All models except older GTX1080Ti offer hardware support for half precision, which roughly results in a x2 performance increase when using mixed precision, with power efficiency gain in the same range. Also in our tests model convergence speed is little impacted, though we only tested on a small number of epochs. With automatic mixed precision making it easy to use, mixed precision training should be used in most cases.
Comparing card models, at no surprise : V100 high end card has the top performance ; RTX6000 and RTX2080Ti which have close hardware architecture except memory size have almost the same performance.
Data sample batch size is a commonly used parameter to tune performance for deep learning training on GPU. The bigger the batch, the more data samples the model trains with on the GPU without data transfers from and to the host server. Batch size is limited by the GPU memory size minus the memory footprint of the model and its computation variables.
As expected, we observed a performance gain when increasing batch size, though it becomes minimal when data transfer to and from the GPU takes far less time than training on samples. Using the highest possible batch size for a model and GPU usually gives the best performance. Nevertheless, the observed gains suggest it is not worth buying a more expensive / higher memory GPU only for that purpose.
We then tried to scale training to multiple GPUs on the same host, scaling the batch size in the same proportion.
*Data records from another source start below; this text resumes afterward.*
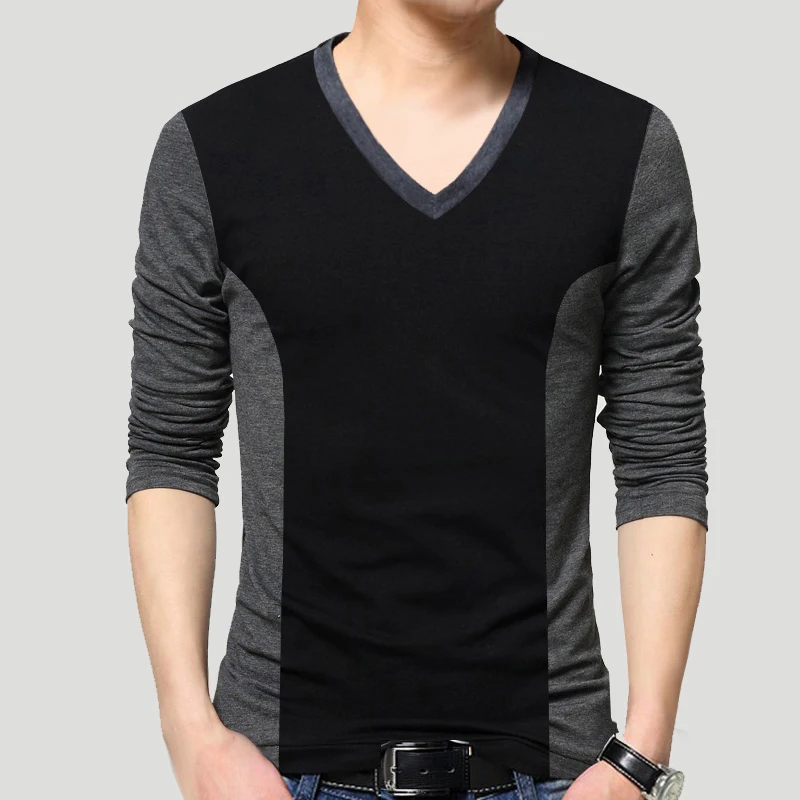 Men T-shirt 2020 Autumn Winter Top Long Sleeve Men T-shirt Plus T Shirts Mens Long Tee Shirt V-neck T Shirts Brand Cotton Tops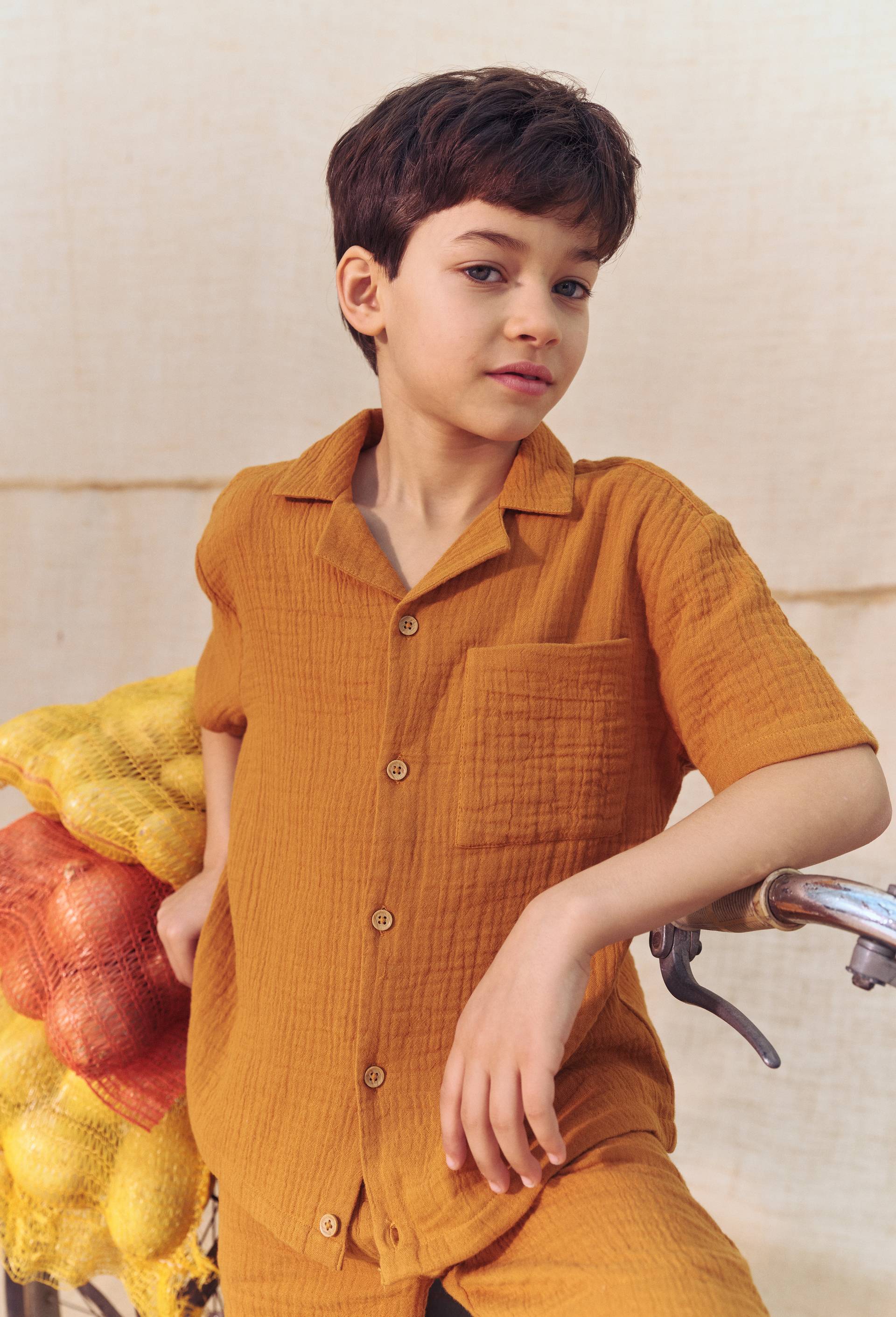 Chemise manches courtes unie en gaze de coton BIO GOTS, Brun clair, large image number 0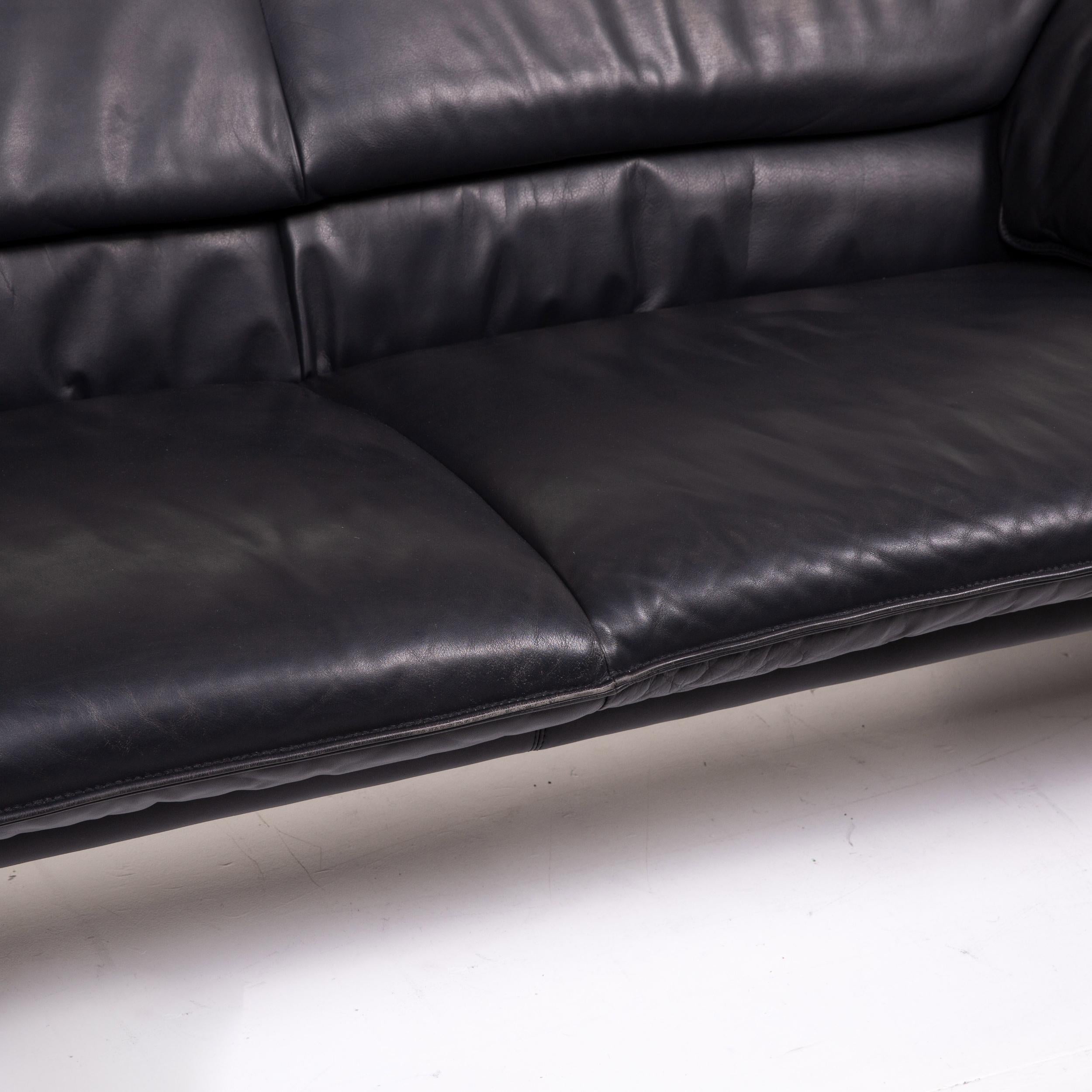 Modern Leolux Bora Leather Sofa Black Two-Seat Couch For Sale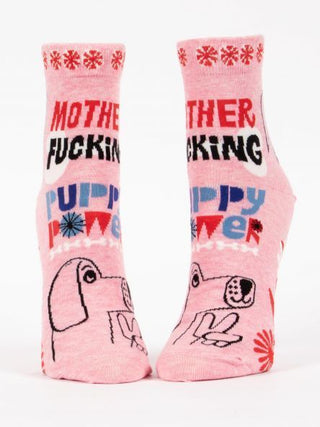 Blue Q Ankle Socks "Mother Fucking Puppy Power"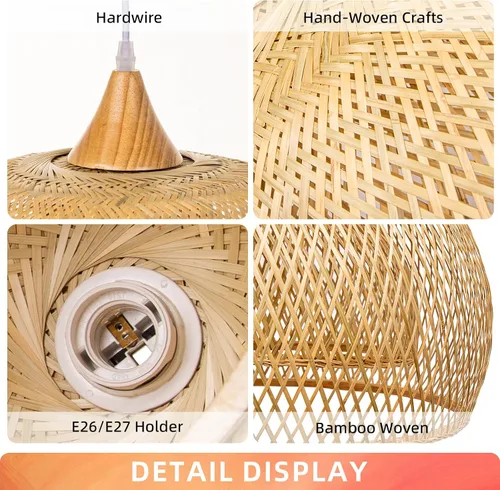 Vista 7 de Arturesthome Lámpara colgante de bambú para isla de cocina, lámpara de araña de mimbre de 17.6 pulgadas, pantalla de techo colgante tejida a mano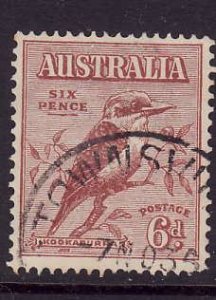 Australia-Sc#139-used 6p light brown Kookaburra-Birds-1932-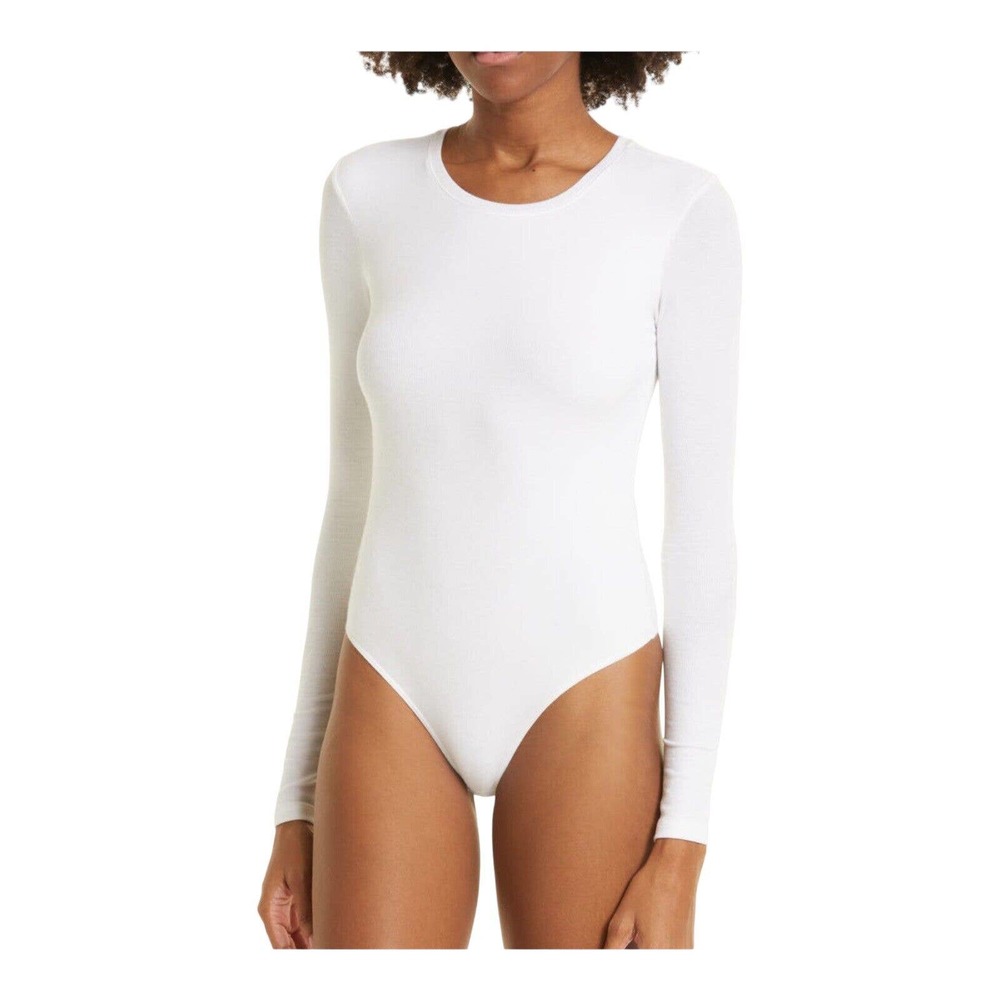 ATM Anthony Thomas Melillo Long Sleeve Bodysuit White XL New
In our test, GTX1080Ti scaled poorly. V100 was the nearest from ideal linear scaling, with the help of the NVLink (SXM) between the node’s GPUs.
Finally we tried to get the best performance out of each card by using mixed precision training and maximum possible batch size.
In terms of raw performance, 32GB memory high end V100 increased the lead over other cards, all in the 11-24GB range.
More interesting, we estimated the cost of the GPU cards for education/research divided by the training speed (100x euros / example / s) : the lower, the better (more money efficient card). Please note this only includes the GPU cost, considering the full investment cost or the TCO would probably reduce the differences.
As expected, consumer GPUs (GeForce) have the higher training speed per euro for this test. Nevertheless, a closer comparison between GeForce RTX2080Ti (11GB memory) and Titan RTX, Quadro RTX6000 (24GB memory) and RTX5000 shows most of the difference comes from the price of the GPU memory. Thus it is a good choice to favor professional cards over consumer cards, but only buy a higher memory GPU if you need to train a bigger model that would not fit in another card’s memory.
Finally we estimated the power efficiency of the GPU cards (W.h per training epoch) : the lower, the more power efficient. Please note this does not include the full imputable power consumption of the training (server, cooling) that would probably lower the differences.
In terms of power efficiency, the general purpose computation (GPGPU) Tesla cards (T4 and V100) are the more efficient. The older GTX1080Ti lags behind, mainly because of the lack of hardware support for mixed precision.
From a sustainable development point of view, using mixed precision training (versus FP32) gives an obvious gain. When a computation is not urgent, using the power efficient and relatively cheap T4 cards is also advisable.